Here’s the situation, in a nutshell: On the one hand, we have the companies and organizations that stand to benefit, from a financial perspective, from a transformation to a paperless workflow. These include Internet-based companies that want consumers to use their services (more about that later) to utilities, banks, etc., that would much rather not spend the money required to mail a bill or letter to their customers.
On the other, we have the graphic arts companies—the printers, paper mills, and software and hardware vendors that benefit from the ongoing use of paper products to deliver messages to consumers.
In the murky middle is the actual environmental impact that occurs to produce an email message vs. a paper bill, for example.

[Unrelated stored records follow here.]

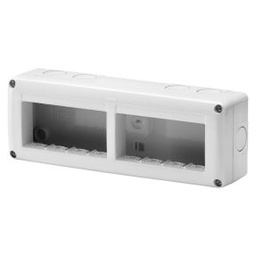 [GW27006] GW DOZA PT ORIZONTALA IP40 8M (2x4) GW27006
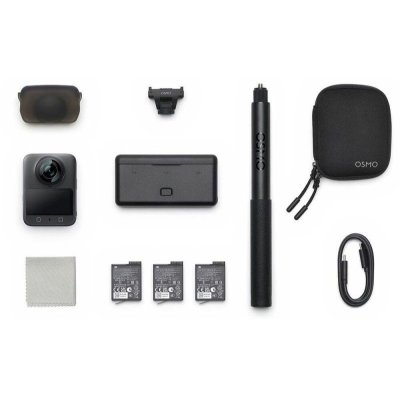 DJI Osmo 360 Adventure Combo - Grijs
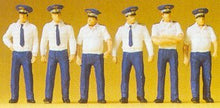 Load image into Gallery viewer, Preiser 72408 26299 Scale 1/72 Military - Soviet (USSR) Air Force - Figures -- In Summer Uniforms pkg(6)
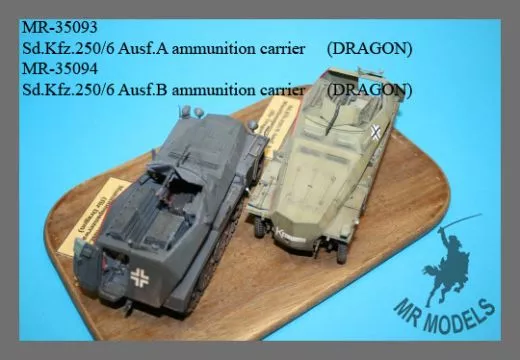 MR-35094 Sd.Kfz.250/6 Ausf. B Munitionspanzerwagen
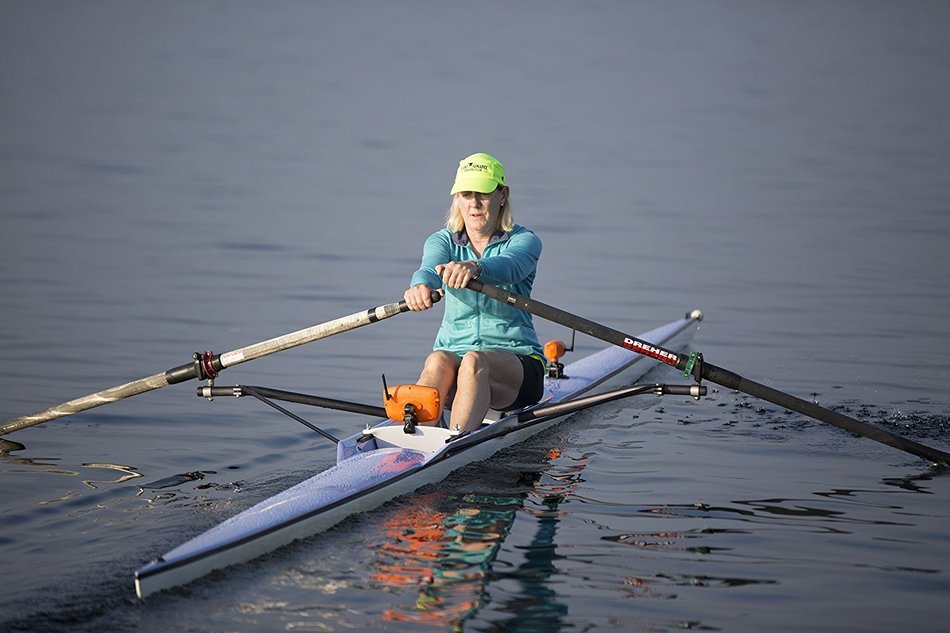 Cruz Wireless Rear View Camera and Monitor System for Rowers. Water Resistant, Durable and Portable. 2.4 GHz Radio... N2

It is here where greenwashing’s greatest sin(s) can be found; without scientific-based information and a real understanding of the products or services life cycle, no one benefits.

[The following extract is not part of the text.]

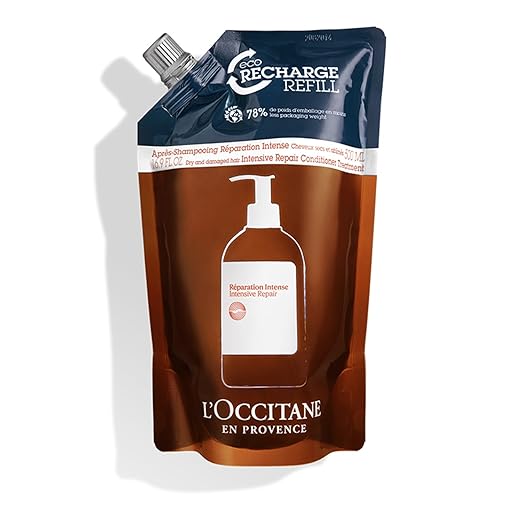 L'Occitane Intensive Repair Conditioner Refill for Damaged Hair - 500 ml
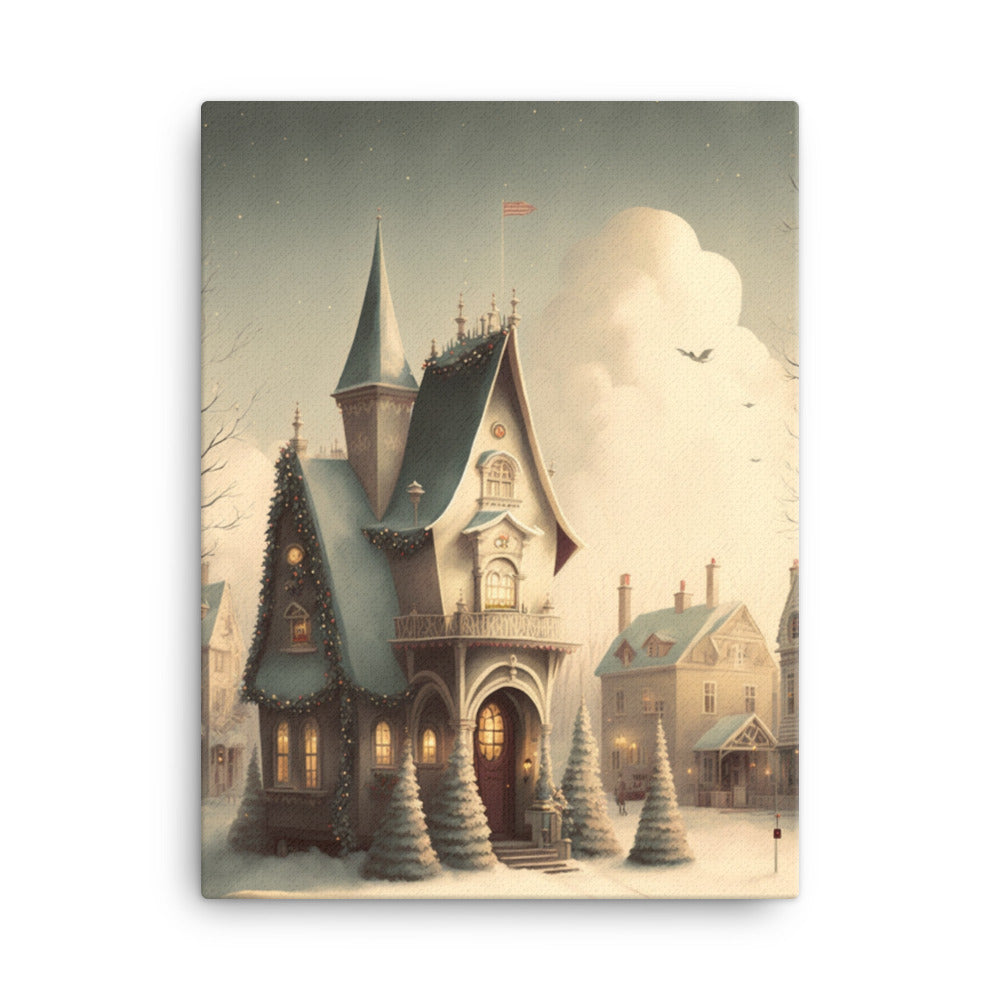 Canvas Wall Art - Christmas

According to Carli, Phil Riebel, president and COO of Two Sides U.S., Inc., and others involved in the discussion, digital technologies and paper each have an impact on the environment. Different impacts, but each can be potentially as bad (or good) as the other, depending on how the individual companies, as well as industries as a whole, respond to that impact.

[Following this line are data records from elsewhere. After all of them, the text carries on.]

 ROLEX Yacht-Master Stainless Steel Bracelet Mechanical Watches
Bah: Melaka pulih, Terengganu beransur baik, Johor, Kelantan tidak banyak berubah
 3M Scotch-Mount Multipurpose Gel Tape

“In large part we don’t readily understand the life cycle of the products and services that we are talking about,” says Carli.
Google Goes for the Jugular
Take for example, Google’s January launch of its “Go Paperless in 2013,” campaign, a major initiative executed with multiple Internet service partners to highlight the “benefits of going paperless.”
Google’s use of pictures of trees and U.S. recycling data in its promotional material is a good example of greenwashing, used primarily to promote its service, without substantial data, says Riebel. Two Sides, for the record, is an organization created to promote paper and printing’s side in the environmental argument.
Furthermore, says Riebel, all of Google’s co-partners in the campaign have a major financial stake in consumers’ abandoning print and paper to use their technology: HelloFax, an online fax service; HelloSign, an e-signature service; Expensify, an online expense reporting service; Xerox, an online business accounting service; and Fujitsu, the ScanSnap scanner manufacturer.
In a letter to Google board chairman Eric Schmidt, Riebel highlights the search engine’s own impact on the environment, such as “100 searches on Google is equivalent to burning a 60 watt light bulb for 20 minutes, using 0.03Kwh electricity and 20 gms of carbon dioxide.”
Two Sides’ letter to Google did result in some wording change, but the fight continues. Meanwhile, Verdigris, the environmental awareness initiative, is urging the paper and printing industry to “Go Google-less.”
Even as those in the digital arena are being called out for their unsubstantiated claims, printers, too, should also be aware that their environmental claims need science behind them. “The sword cuts both ways,” says Carli.